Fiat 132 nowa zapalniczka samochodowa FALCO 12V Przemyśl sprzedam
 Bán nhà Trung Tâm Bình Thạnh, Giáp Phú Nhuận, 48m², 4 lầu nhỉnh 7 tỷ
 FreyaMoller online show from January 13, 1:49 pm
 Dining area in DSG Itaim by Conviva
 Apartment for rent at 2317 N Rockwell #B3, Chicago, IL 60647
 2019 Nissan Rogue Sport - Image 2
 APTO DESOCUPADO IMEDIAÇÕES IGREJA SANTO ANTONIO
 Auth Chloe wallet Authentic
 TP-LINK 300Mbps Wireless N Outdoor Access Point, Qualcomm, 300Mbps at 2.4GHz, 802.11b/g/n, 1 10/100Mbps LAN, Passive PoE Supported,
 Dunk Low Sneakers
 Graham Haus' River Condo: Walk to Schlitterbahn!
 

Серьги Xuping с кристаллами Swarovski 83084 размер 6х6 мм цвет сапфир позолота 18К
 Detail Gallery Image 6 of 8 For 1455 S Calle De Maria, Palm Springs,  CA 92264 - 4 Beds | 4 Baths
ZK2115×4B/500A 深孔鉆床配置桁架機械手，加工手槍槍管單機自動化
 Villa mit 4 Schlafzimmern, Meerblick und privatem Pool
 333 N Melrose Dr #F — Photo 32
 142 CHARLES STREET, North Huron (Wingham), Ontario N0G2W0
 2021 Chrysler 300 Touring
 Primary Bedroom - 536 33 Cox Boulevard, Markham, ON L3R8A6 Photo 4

#####

WHAT YOU NEED TO DO:
When a line in the listing has the word "Image", return that line.

OUTPUT OF THE TASK:
 2019 Nissan Rogue Sport - Image 2
 Detail Gallery Image 6 of 8 For 1455 S Calle De Maria, Palm Springs,  CA 92264 - 4 Beds | 4 Baths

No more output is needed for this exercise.